Cette règle est dite supplétive de volonté. Ainsi, quand bien même le contrat de l’agent commercial ne lui interdirait pas expressément de représenter une entreprise concurrente de celle de son mandant sans l’autorisation préalable de ce dernier, cette règle s’appliquerait par défaut. Il est toutefois possible de déroger contractuellement à cette règle soit dans le corps du contrat lui-même soit pendant l’exécution de celui-ci en recueillant alors l’accord du mandant.
Preuve supplémentaire encore de l’importance de cette obligation de non-concurrence, la jurisprudence rappelle fréquemment que le fait pour l’agent commercial de représenter une entreprise concurrente de celle de son mandant sans avoir obtenu l’autorisation préalable de ce dernier est constitutif d’une faute grave, faute justifiant la rupture du contrat aux torts de l’agent commercial avec effet immédiat et sans indemnité (Cass. com., 30 mai 2007 ; Cass. com., 16 mars 1993).
Quelques remarques sur l’application de l’article L.134–3 du Code de commerce
Première observation : la concurrence par l’agent lui-même
Bien que l’article L. 134–3 du Code de commerce fasse uniquement référence à la représentation d’entreprises concurrentes par l’agent commercial, il serait contraire à l’esprit de la loi de permettre à l’agent de concurrencer personnellement et pour son propre compte son mandant.
Ainsi, même en l’absence de clause expresse en ce sens prévue au contrat, l’obligation de non-concurrence s’étend aux activités concurrentes de l’agent commercial pour son propre compte.
Dans la même logique, l’agent commercial ne saurait s’exonérer de son obligation de non-concurrence au motif qu’il ne serait pas intervenu pour le compte d’une entreprise concurrente en tant qu’agent commercial mais sous un autre statut (par exemple : salarié, apporteur d’affaires, mandataire social d’une société…).

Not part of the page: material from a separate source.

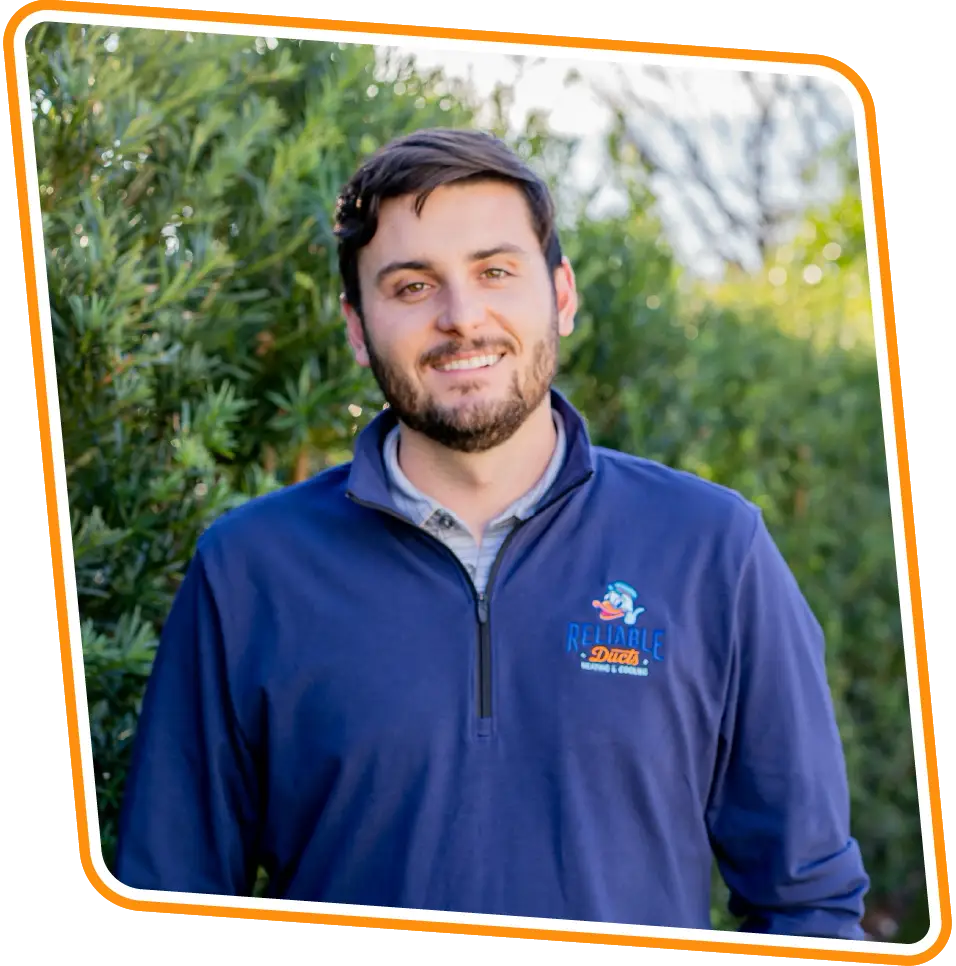 Reliable Ducts Heating & Cooling technician smiling outdoors in Ponte Vedra Beach, FL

Deuxième observation : notion d’entreprise concurrente
Il n’existe pas de définition légale de la notion d’entreprise concurrente. En cas de contentieux, ce sont donc les tribunaux qui vont devoir apprécier au regard de l’activité des deux entreprises si oui ou non celles-ci ont une activité concurrente.

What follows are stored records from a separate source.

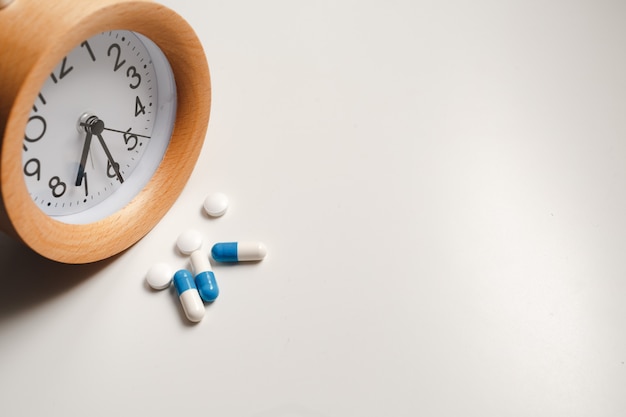 Alarm clock and white pills on white table 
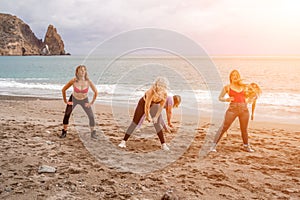 A group of five female friends are doing exercises on the beach. Beach holiday concept, healthy lifestyle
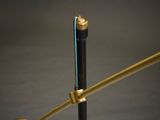 a close up of a lamp on a table with a black background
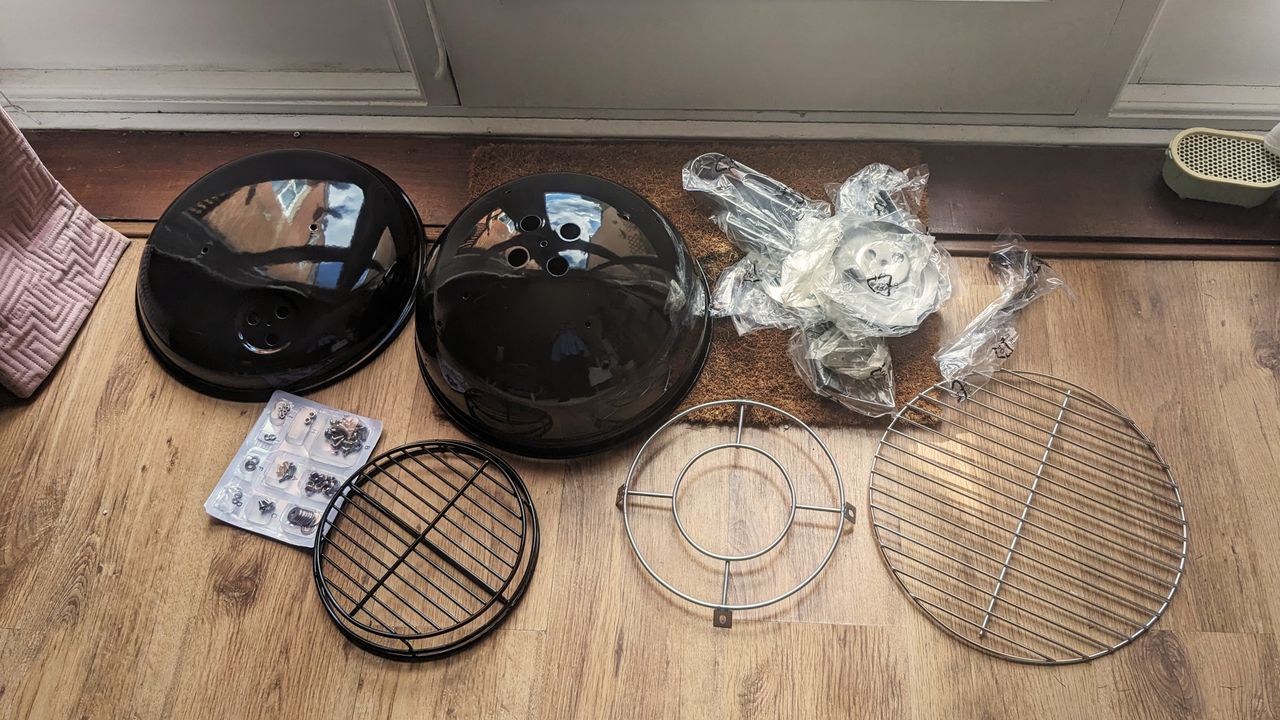 Napoleon NK14 Portable Charcoal Kettle Grill being tested in writer's home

Les produits n’auront pas besoin d’être identiques pour que les sociétés soient concurrentes.
Un critère pertinent pour apprécier la concurrence sera celui de la substituabilité des produits.
En tout état de cause, les tribunaux ont tendance à retenir une conception assez large de la concurrence et assez binaire.
Ainsi, si à l’occasion d’un contentieux, il faut dix pages de conclusions pour expliquer en quoi les produits de deux fournisseurs ne sont pas concurrents, il y a de fortes chances pour que le tribunal saisi retienne la concurrence.
Troisième observation : entreprise concurrente et produits concurrents
L’article L 134–3 du Code de commerce interdit à l’agent la représentation d’une entreprise concurrente.
La violation de l’obligation de non-concurrence n’implique donc pas de vendre les produits concurrents de la seconde entreprise. Le seul fait de travailler pour l’entreprise concurrente suffit à violer l’obligation de non-concurrence qui incombe à l’agent commercial pendant son contrat.
Le non respect de la clause de non-concurrence peut être considéré comme une faute grave
En définitive, l’obligation de non-concurrence de l’agent commercial pendant l’exécution de son contrat est une obligation importante à la charge de l’agent commercial. Celui-ci ne doit pas la prendre à la légère et ne doit pas se méprendre sur ce qu’elle implique.
Ainsi, il convient de ne pas oublier que la portée de cette obligation diffère de l’obligation de non-concurrence post-contractuelle puisque l’obligation de non-concurrence de l’agent commercial pendant son contrat vise les entreprises concurrentes.
La violation d’une telle clause par l’agent commercial peut lui être particulièrement préjudiciable, étant traditionnellement considérée comme une faute grave de l’agent commercial par les tribunaux.